Since the exemplary slicing machine comprises feedback-controlled drives, this may be used for adjustment of the zero point of the cutting blade. For this purpose, the blade 2 is firstly set in rotation while at a distance from the cutting guide 15 and slowly moved in the direction of the cutting guide 15. In the process, the torque required for constant drive of the cutting blade 2 is measured, for example. As soon as this torque increases, i.e. the cutting blade is in engagement with the cutting guide 15, the axial movement of the blade is stopped and optionally reversed incrementally. The setting located in this way is the new zero point. This embodiment has the advantage that the cutting guide does not have to be displaced relative to the blade, as in the prior art, and that location of the zero point may be effected automatically in the slicing machine according to the invention and be repeated during the slicing process. The zero point is stored by the slicing machine according to the invention in a control unit associated with the machine and may be used for adjustment of the cutting gap.

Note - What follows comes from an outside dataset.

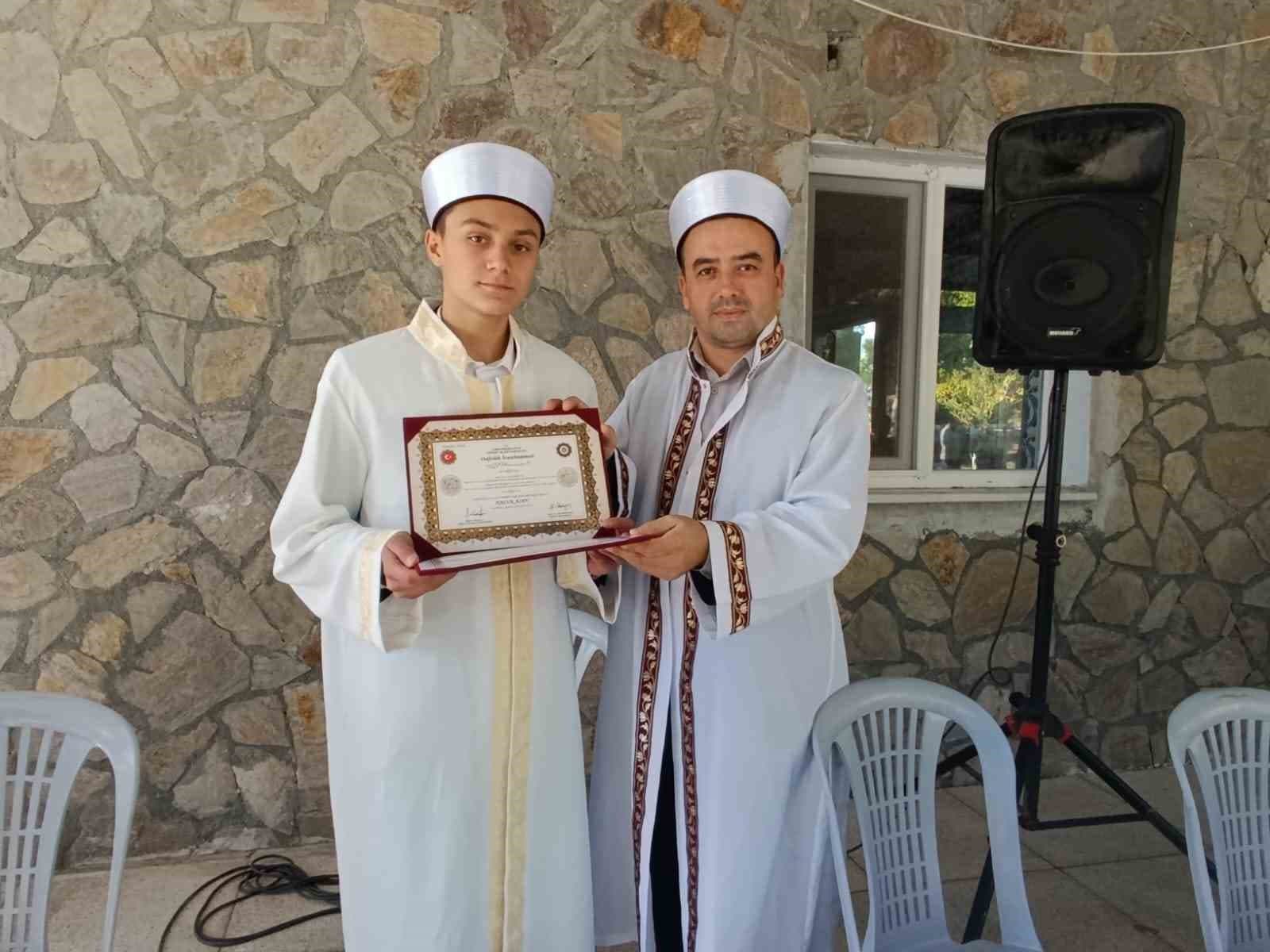 Genç Hafızın Büyük Hedefi: Bakan Olmak İstiyor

Furthermore, the feedback-controlled drive may be used for adjustment or readjustment of the gap width. The person skilled in the art will recognise that the cutting blade 2 is shaped in the manner of a key. During operation of the cutting blade 2, the latter expands for example due to thermal effects and/or centrifugal forces. The degree of expansion is accordingly a function inter alia of the speed of the cutting blade and is either known to the person skilled in the art or measurable. In the case in particular of a slicing machine in which the rotational speed of the cutting blade is not constant, but also after a cold start, expansion may be balanced by a relative movement between spindle and drive shaft, such that with the slicing machine according to the invention cutting may be performed with a constant cutting gap during the entire cutting process and thus food product slices may be achieved which are of a very constant thickness. Through automatic adjustment or readjustment of the cutting gap, cutting may be performed with substantially smaller cutting gaps than in the prior art, which has a positive effect on cutting quality. The drive 5, 7 of the blade 2 and/or the adjusting mechanism 6, 8, 9 of the blade 2 and/or of the counterweight 4 may be temperature-controlled, preferably cooled, in the present slicing machine.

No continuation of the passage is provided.